START Raw data

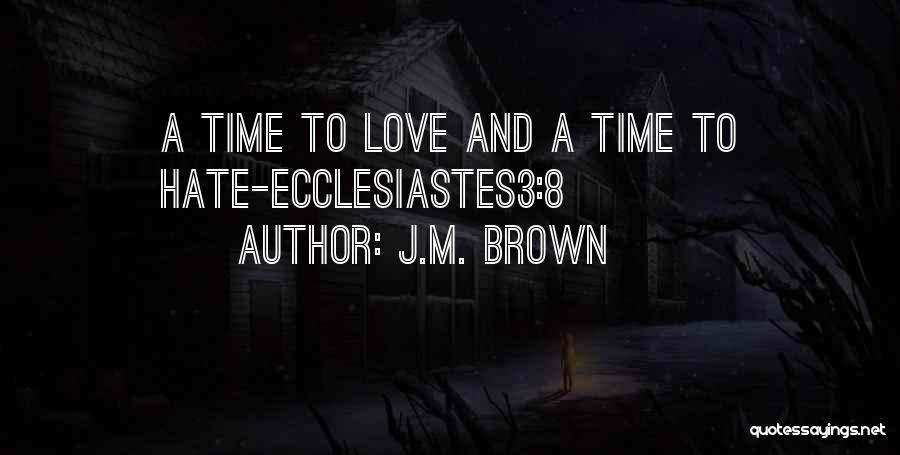 J.M. Brown Quotes: A Time To Love And A Time To Hate-ecclesiastes3:8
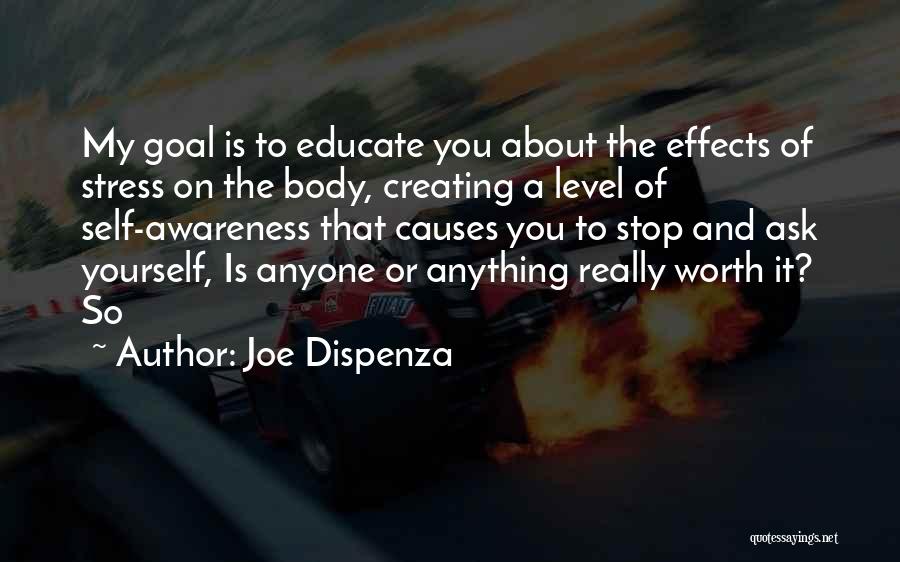 Dispenza Quotes By Joe Dispenza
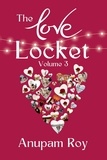  Anupam Roy - The Love Locket - Valentine's Day Love Stories, #3.
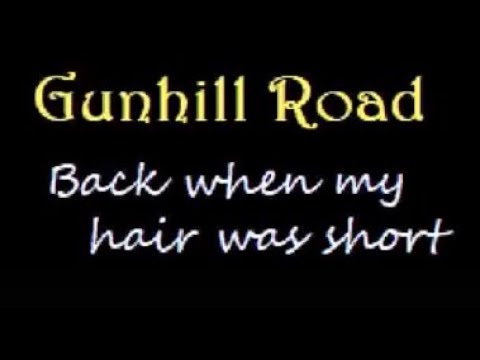 Gunhill Road   Back when my hair was short (Karaoke Version)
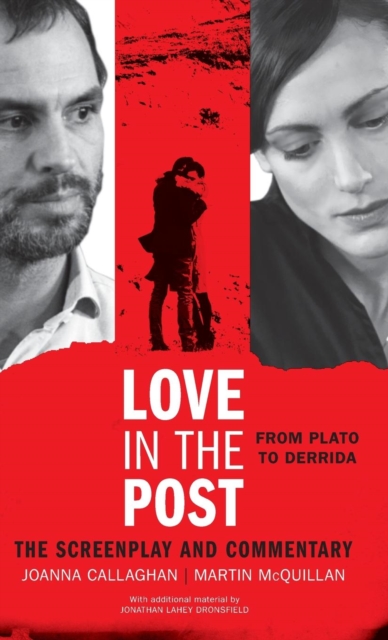 Love in the Post: From Plato to Derrida : The Screenplay and Commentary, Hardback Book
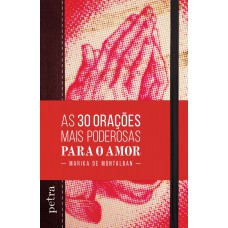 As 30 orações mais poderosas para o amor As 30 orações mais poderosas para o amor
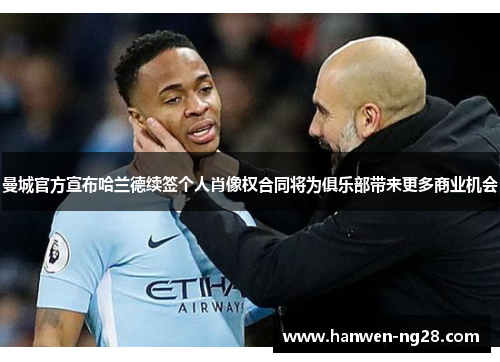 曼城官方宣布哈兰德续签个人肖像权合同将为俱乐部带来更多商业机会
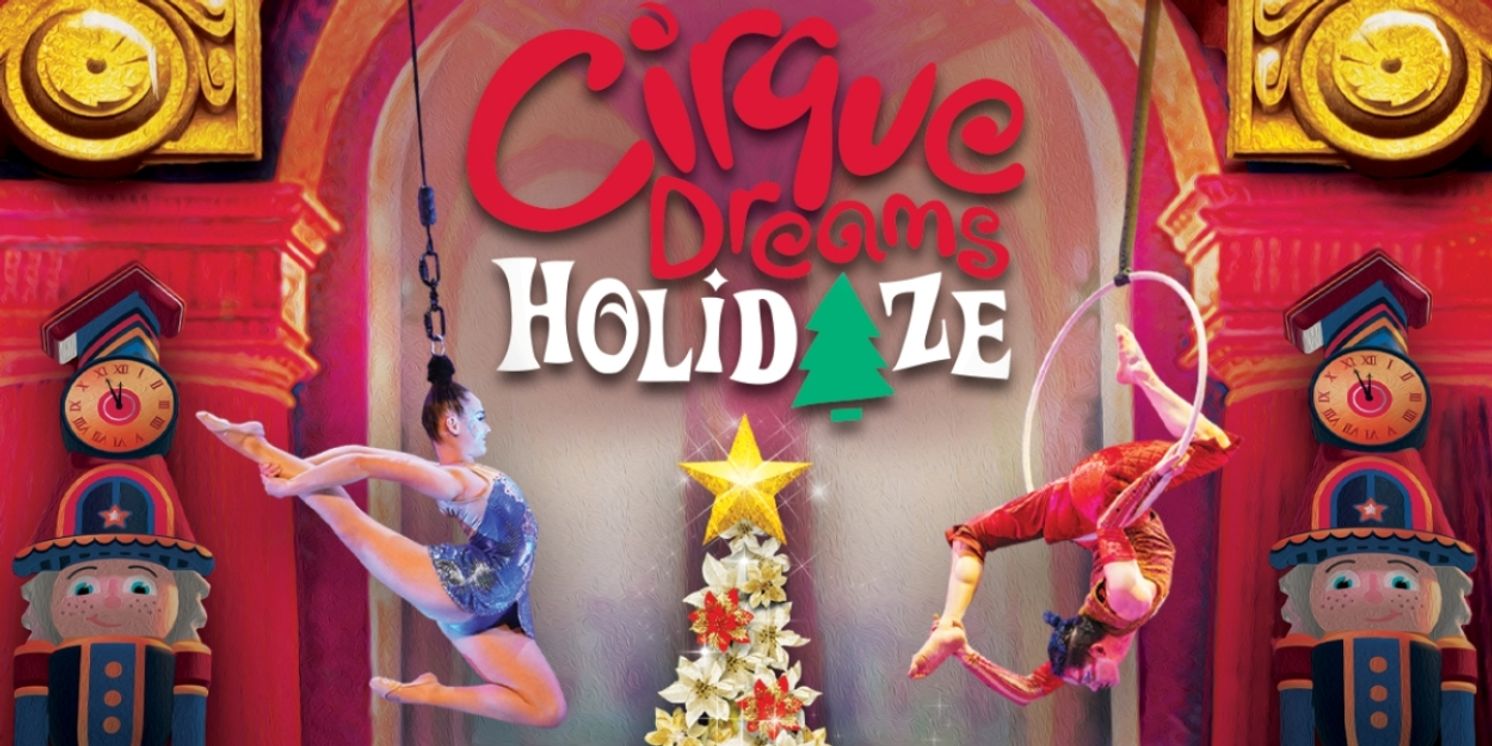 CIRQUE DREAMS HOLIDAZE to Return to Midland This Holiday Season  Image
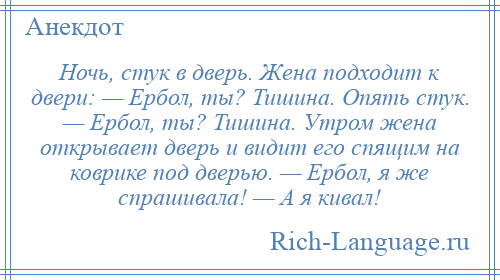 
    Ночь, стук в дверь. Жена подходит к двери: — Ербол, ты? Тишина. Опять стук. — Ербол, ты? Тишина. Утром жена открывает дверь и видит его спящим на коврике под дверью. — Ербол, я же спрашивала! — А я кивал!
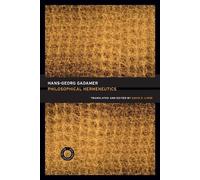 Hans-Georg Gadam Philosophical Hermeneutics, 30th Anniversary Editi (Tascabile)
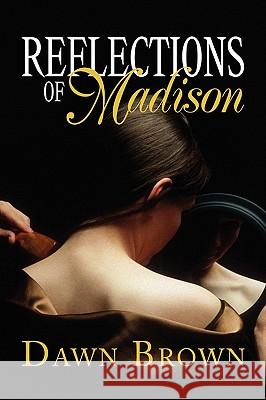 Reflections of Madison Dawn Brown 9781441562562 Xlibris Corporation - książka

END Raw data

Your copy of the entries must be exact and must contain no pictures.

 J.M. Brown Quotes: A Time To Love And A Time To Hate-ecclesiastes3:8
 Dispenza Quotes By Joe Dispenza
  Anupam Roy - The Love Locket - Valentine's Day Love Stories, #3.
 Gunhill Road   Back when my hair was short (Karaoke Version)
 Love in the Post: From Plato to Derrida : The Screenplay and Commentary, Hardback Book
 As 30 orações mais poderosas para o amor As 30 orações mais poderosas para o amor
 曼城官方宣布哈兰德续签个人肖像权合同将为俱乐部带来更多商业机会
 CIRQUE DREAMS HOLIDAZE to Return to Midland This Holiday Season  Image
    Ночь, стук в дверь. Жена подходит к двери: — Ербол, ты? Тишина. Опять стук. — Ербол, ты? Тишина. Утром жена открывает дверь и видит его спящим на коврике под дверью. — Ербол, я же спрашивала! — А я кивал!
 Hans-Georg Gadam Philosophical Hermeneutics, 30th Anniversary Editi (Tascabile)
 Reflections of Madison Dawn Brown 9781441562562 Xlibris Corporation - książka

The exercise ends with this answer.